* DATA FOR REVIEW *
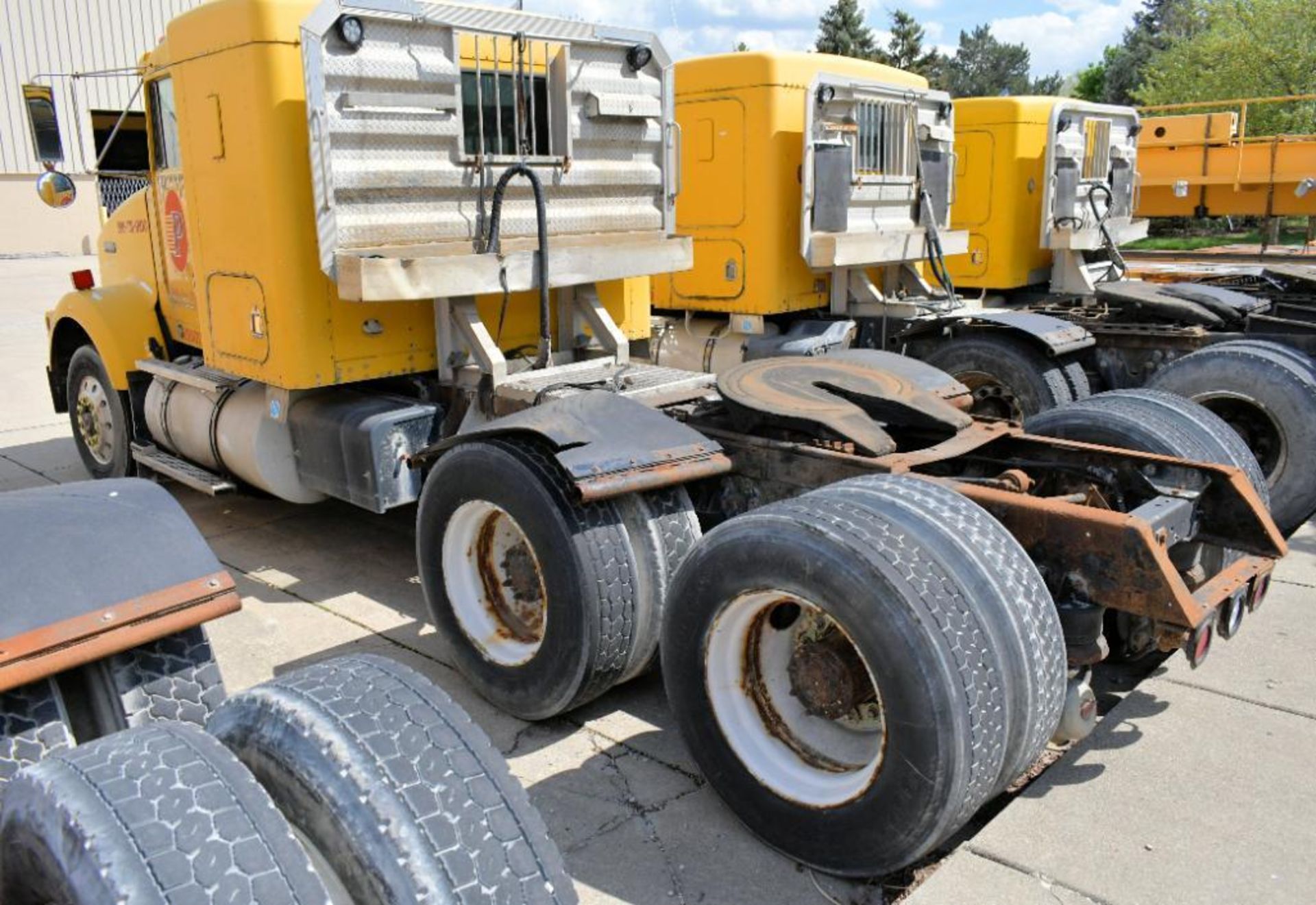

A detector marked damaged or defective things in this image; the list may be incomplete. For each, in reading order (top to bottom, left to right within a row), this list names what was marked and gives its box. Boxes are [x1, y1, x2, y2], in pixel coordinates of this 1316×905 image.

rusty wheel rim [75, 371, 115, 462]
rusty steel frame [0, 573, 239, 694]
detached truck tire [208, 655, 574, 900]
rusty wheel rim [442, 497, 544, 668]
rusty wheel rim [705, 594, 889, 805]
rusty steel frame [694, 415, 1289, 628]
crack in concrete [963, 847, 1116, 905]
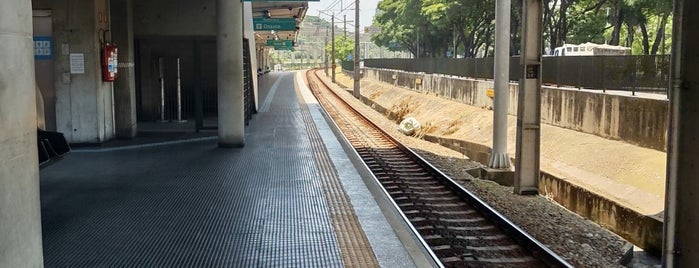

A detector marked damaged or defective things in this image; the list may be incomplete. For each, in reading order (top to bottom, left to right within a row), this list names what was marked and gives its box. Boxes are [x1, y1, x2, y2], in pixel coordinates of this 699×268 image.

rusty track section [306, 69, 576, 268]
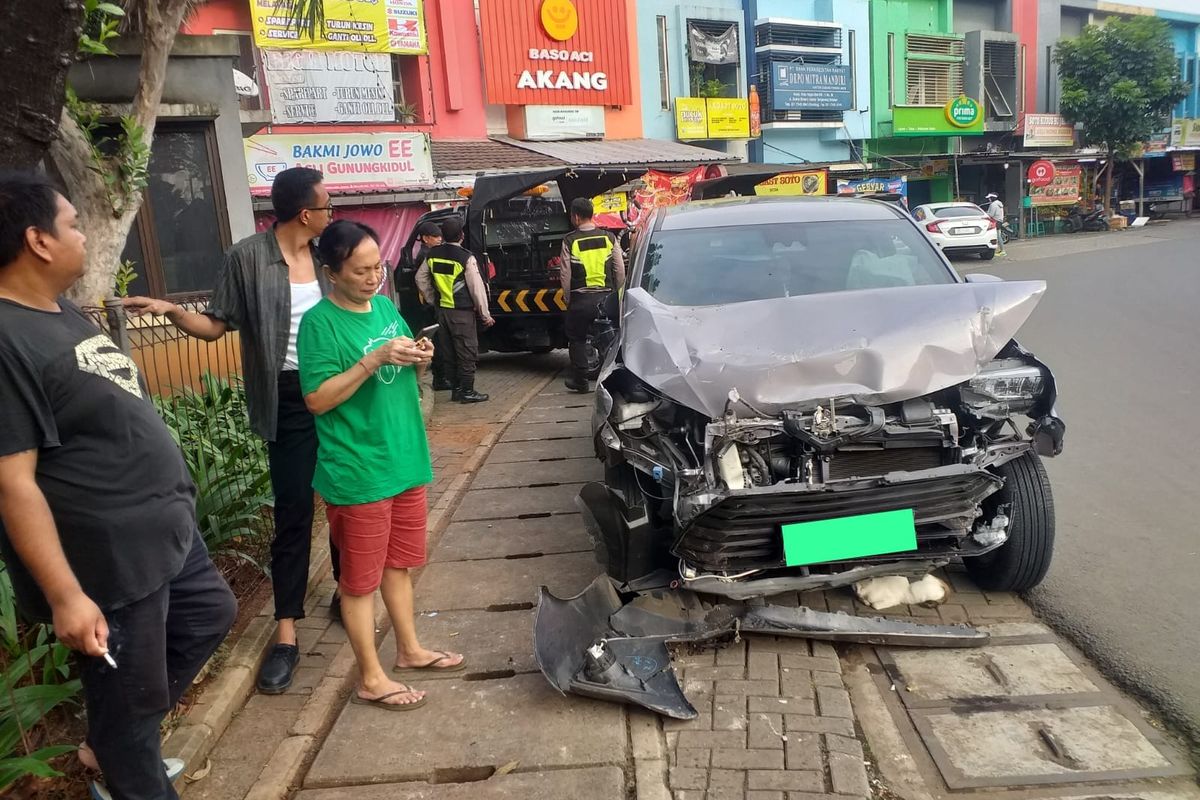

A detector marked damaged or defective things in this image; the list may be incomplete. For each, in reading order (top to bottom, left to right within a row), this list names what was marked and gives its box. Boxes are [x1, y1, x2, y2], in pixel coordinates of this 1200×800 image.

damaged silver car [540, 195, 1065, 719]
damaged silver car [585, 196, 1065, 599]
crumpled car hood [624, 281, 1046, 419]
cracked headlight [964, 359, 1041, 417]
detached bumper piece on ground [535, 575, 984, 719]
broken front bumper [540, 575, 988, 719]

* TASK TO COMPLETE *
Print the records above exactly, minus pictures.

* RESPONSE TO THE TASK *
A detector marked damaged or defective things in this image; the list may be incomplete. For each, in reading order (top to bottom, left to right within a row), this list names what was marked and gives its box. Boxes are [x1, y1, x2, y2], in pixel coordinates of this 1316×905 image.

rusty wheel rim [75, 371, 115, 462]
rusty steel frame [0, 573, 239, 694]
detached truck tire [208, 655, 574, 900]
rusty wheel rim [442, 497, 544, 668]
rusty wheel rim [705, 594, 889, 805]
rusty steel frame [694, 415, 1289, 628]
crack in concrete [963, 847, 1116, 905]

A detector marked damaged or defective things in this image; the list may be incomplete. For each, in reading order (top to bottom, left to right within a row), this list names what was marked and gives its box. Boxes are [x1, y1, x2, y2], in pixel coordinates of this 699×268 image.

rusty track section [306, 69, 576, 268]

A detector marked damaged or defective things in this image; the list may be incomplete. For each, in reading order (top to bottom, left to right within a row), this list names what was marked and gives its box. Boxes are [x1, y1, x2, y2], in pixel coordinates of this 1200×800 image.

damaged silver car [540, 195, 1065, 719]
damaged silver car [585, 196, 1065, 599]
crumpled car hood [624, 281, 1046, 419]
cracked headlight [964, 359, 1041, 417]
detached bumper piece on ground [535, 575, 984, 719]
broken front bumper [540, 575, 988, 719]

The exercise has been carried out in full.